Menschen mit Einschränkungen nur danach und nicht nach ihren Fähigkeiten zu beurteilen mindert demnach Zukunftschancen. Die Referenten und Referentinnen beim Kompaktseminar „Fokus Wirtschaft: inklusiv // innovativ“ im NH Hotel Vienna Airport brachten im September 2018 diese Erkenntnis auf den Punkt. Eine Videozusammenfassung finden Sie hier.

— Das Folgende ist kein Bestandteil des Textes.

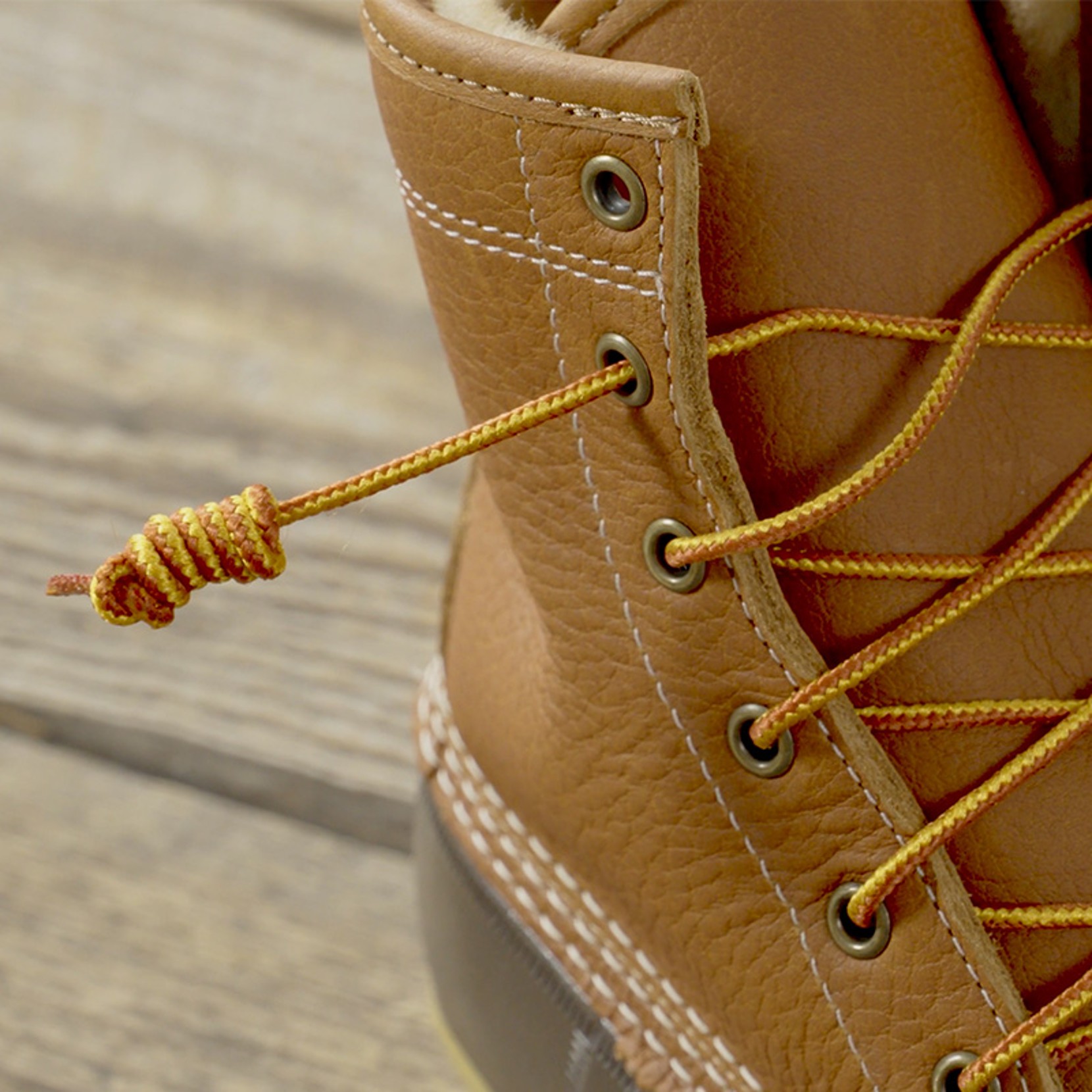 Close-up of brown leather boot with yellow laces, metal eyelets, and visible stitching on a wooden surface.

Sozialministerin Mag.a Beate Hartinger-Klein eröffnete die Veranstaltung mit einem konkreten Wunsch an die Wirtschaft. „Rund 20 Prozent der Unternehmen kommen heute ihrer Einstellungspflicht nach, 80 Prozent nicht. Unser Ziel ist ganz klar: Es sollten zumindest 30 Prozent sein.“

Das Interesse ist jedenfalls vorhanden, konstatierten der Landesstellenleiter Burgenland und die Abteilungsleiterin sowie der Abteilungsleiter der Landesstellen Wien und Niederösterreich des Sozialministeriumservice (SMS). Besonders die hohe Teilnahme an den Workshops zeige, dass ein Umdenken einsetzt. „Fokus Wirtschaft ist seit 2016 eine gelungene Unternehmensinitiative und gemeinsame Event-Serie des SMS und den Wirtschaftskammern Österreichs.“

Blind, na und ..!

In ihrer Key Note stellte die blinde Bassistin Ciara Moser fest, dass jeder Mensch danach trachtet, mit den für ihn notwendigen Hilfsmitteln ein selbstbestimmtes Leben zu führen. Da sie von Geburt an blind ist, musste sie sich alle Fähigkeiten hart erarbeiten, was aber ihre Merkfähigkeit, Kreativität und Motivation besonders gefördert hat. Fähigkeiten, die der Zukunftsforscher Univ.-Prof. Dr. Reinhold Popp als für die Zukunft in der Arbeitswelt besonders wichtig erachtet.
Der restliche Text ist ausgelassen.